All… except Dad, whose birthday we were celebrating.
It was an awesome day, an incredible day – incredibly sad.
Or, at least, it would’ve been if that was the way it had happened.
Thankfully, it didn’t.
A PARABLE
Thankfully, siblings, children and grandchildren all had more grace than just to think selfishly about what they wanted.
We all remembered that, after all, it was Dad’s birthday.
And the best gift that we could give him, the best gift that, in fact, he wanted: was just for us all to be there, with him, to help him celebrate the day.
Not, with him individually, one by one, doing what pleased us.
But with him all together, to recognise together, the unique contribution he had made to our lives all together.
After all, the day was not about us.
It was about him.
And, because we did come together to honour him, rather than just please ourselves, we all enjoyed it a thousand times more than if we had simply selfishly focused on what we wanted that day.
Because selfishness is never enjoyable !
ANOTHER DAY, ANOTHER FATHER
Let me tell you about another Father, and His special day !
“I bow my knees to the Father of our Lord Jesus Christ, from whom the whole family in heaven and earth is named.” (Ephesians 3:14)
“I bow my knees…”: I worship Him
But not just I: “The whole family in heaven and earth” join together in worshipping Him.
Who is this “whole family”?
Is it talking about everyone who is alive? Is it saying here that all creatures, great and small, owe their existence to God, the Father of all?
That may be true; but it is not what is meant here.
Back in chapter 2, Paul is telling us how all believers, Jew and Gentile, are now incorporated into the one body in Christ Jesus.
[Christ] Himself is our peace, who has made both one, and has broken down the middle wall of separation… that He might reconcile them both to God in one body through the cross, thereby putting to death the enmity… Now, therefore, you are no longer strangers and foreigners, but fellow citizens with the saints and members of the household of God, having been built on the foundation of the apostles and prophets, Jesus Christ Himself being the chief cornerstone, in whom the whole building, being fitted together, grows into a holy temple in the Lord, in whom you also are being built together for a dwelling place of God in the Spirit. (2:14-22)
This gets Paul really excited; he just wants to worship God: “For this reason I, Paul, the prisoner of Christ Jesus for you Gentiles…” (3:1)
Then he stops…
He wants to worship; but he first wants to tell us more on this matter as to why he so much wants to worship:
He made known to me the mystery… which in other ages was not made known to the sons of men, as it has now been revealed by the Spirit to His holy apostles and prophets: that the Gentiles should be fellow heirs, of the same body, and partakers of His promise in Christ through the gospel. (3:3-6)
“This is wonderful,” exclaims Paul: “Jew and Gentile, together in the body of Christ.”

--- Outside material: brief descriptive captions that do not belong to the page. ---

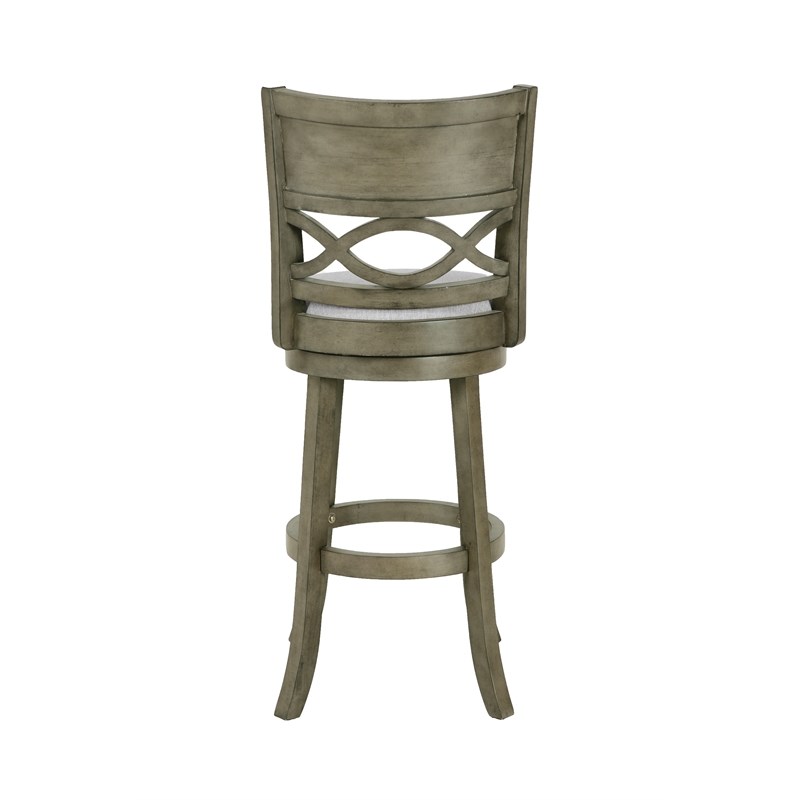 New Classic Furniture Manchester 29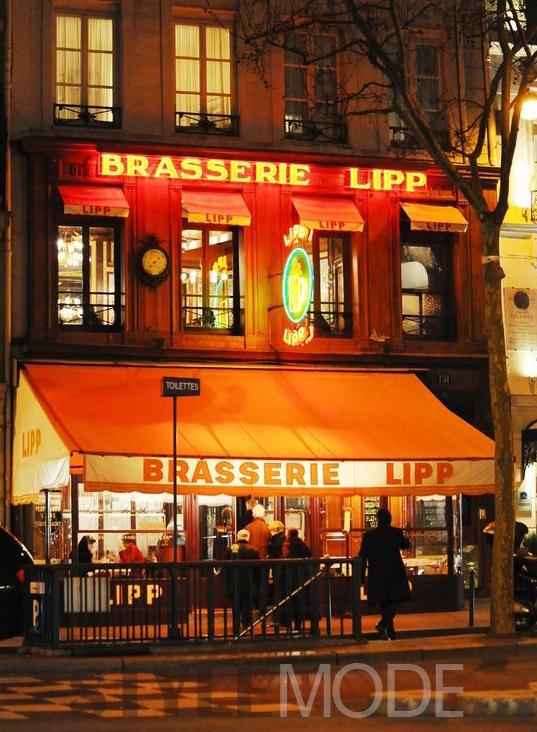   各国旅行中最常见的那些陷阱！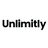 Unlimitly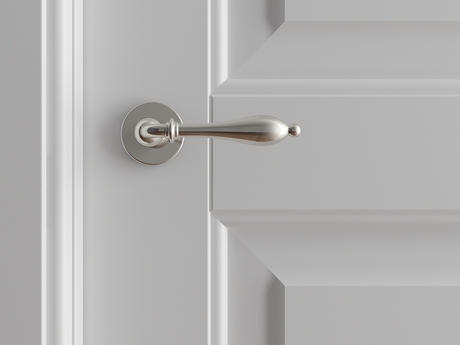 Ручка ЛИРИКА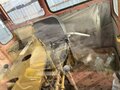 1989 ЧТЗ Т-130, жёлтый, 600000 рублей - вид 1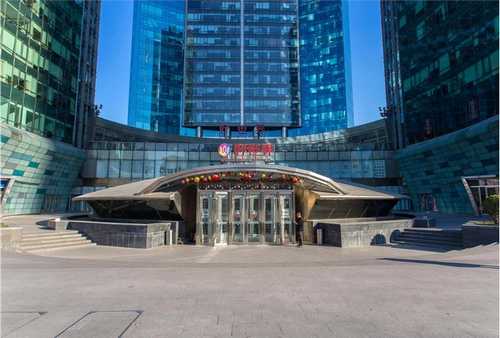 吐鲁番市水星孟库瑞灭火器代理商招商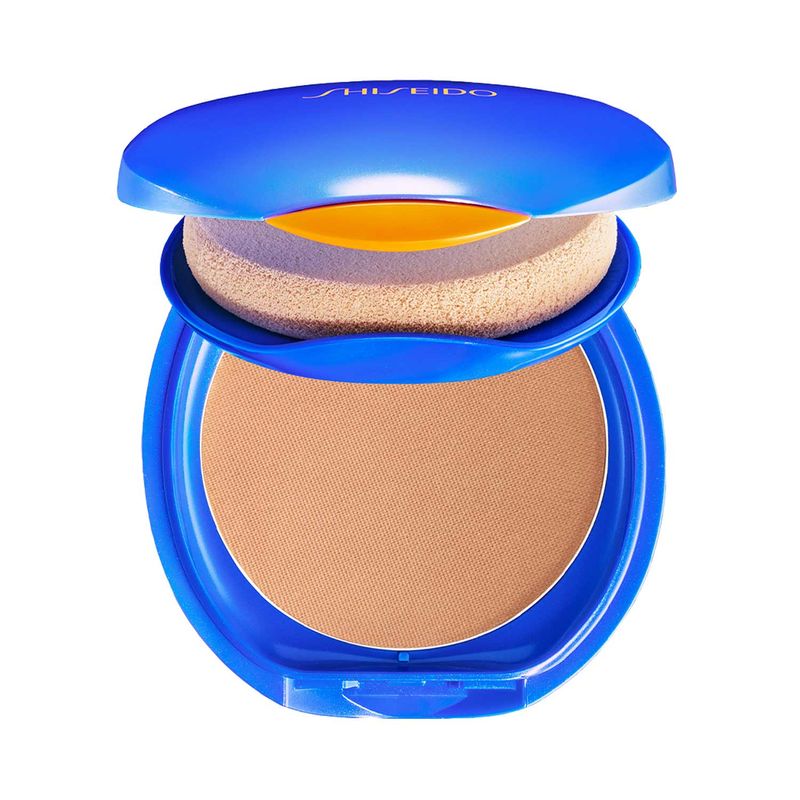 UV-PROTECTIVE-COMPACT-FOUNDATION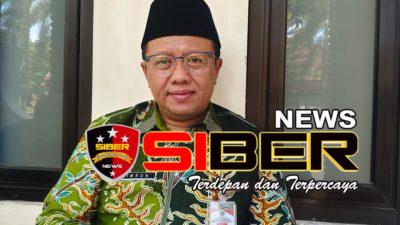 DPRD Soroti Dinsos: Wajib Jadi Motor Penggerak, Pastikan Bansos Tepat Sasaran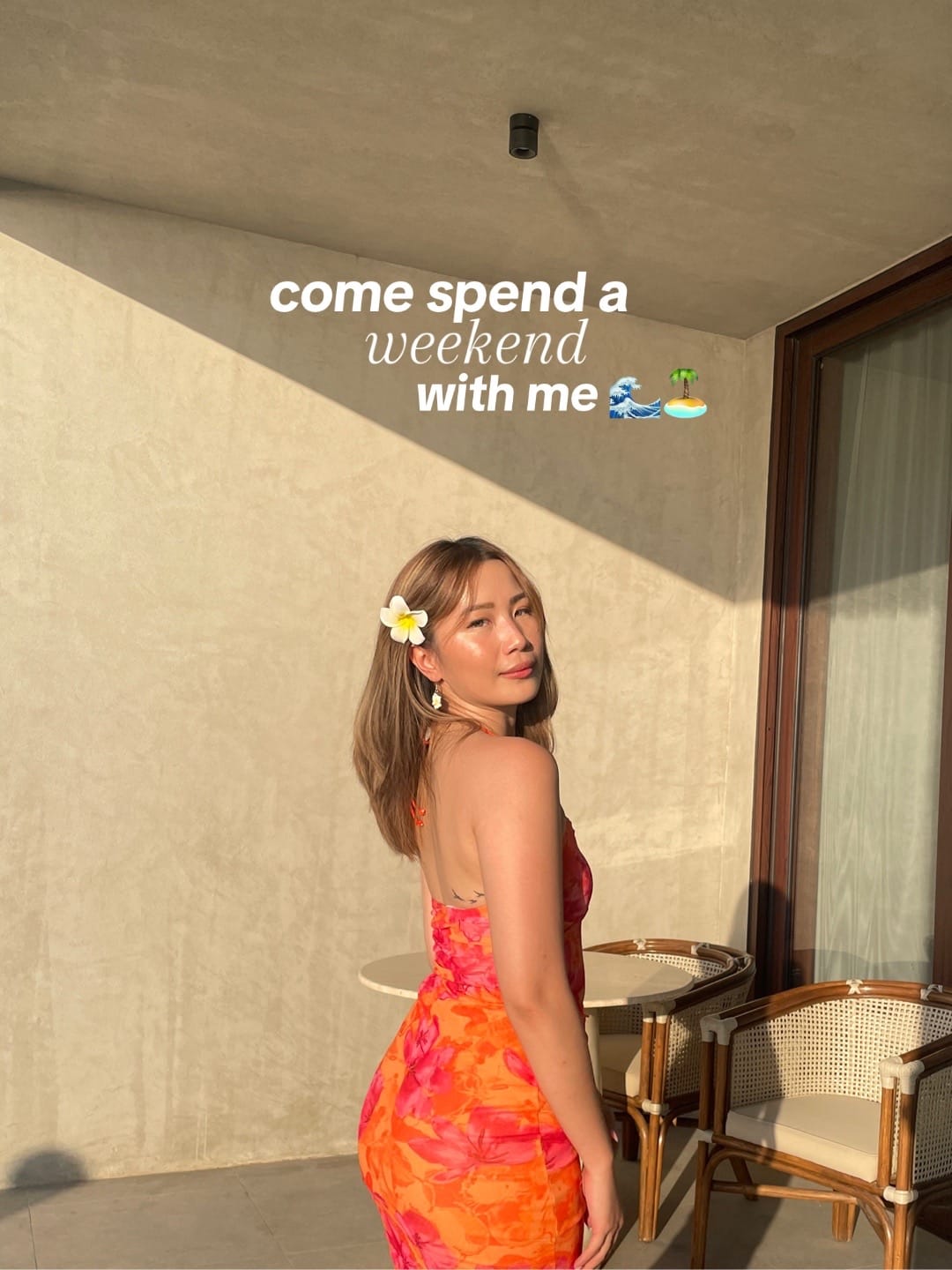 Post 9 by Sydney Villalongja on TikTok (video)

In fact, more than wonderful: for, by this “the manifold wisdom of God is made known by the church” (v.10) to the whole heavenly host!
Eventually in v.14, he gets back to worshipping God for this great “mystery” (note how, “For this reason…” in v.1 is taken up again in v.14).
The great wisdom of God is to be seen in the unity of the church (see also the following chapter, vv.1-3).
In particular, God is glorified when God’s people, from all different backgrounds and diverse cultures, join together, to worship Him, and to honour Him.
Conrad Mbewe recently posted:
One of the greatest fights waged by the apostles was to ensure that Jews and Gentiles worshipped together in the same church despite being different in many ways. They weren’t willing to yield to the pressure of two divergent religious cultures that had become set in concrete. There was only one gospel, “one Lord, one faith, one baptism, one God and Father of all, who is over all and through all and in all” (Ephesians 4:5–6). Therefore, there was to be only one church—the Christian church.
THE GREAT EVANGELICAL SCANDAL
On God’s day, on His special day, we are called together to “bow the knee to the Father from whom the whole family in heaven and earth is named.”
We are called to join together to honour our heavenly Father; to worship God: Father, Son and Holy Spirit.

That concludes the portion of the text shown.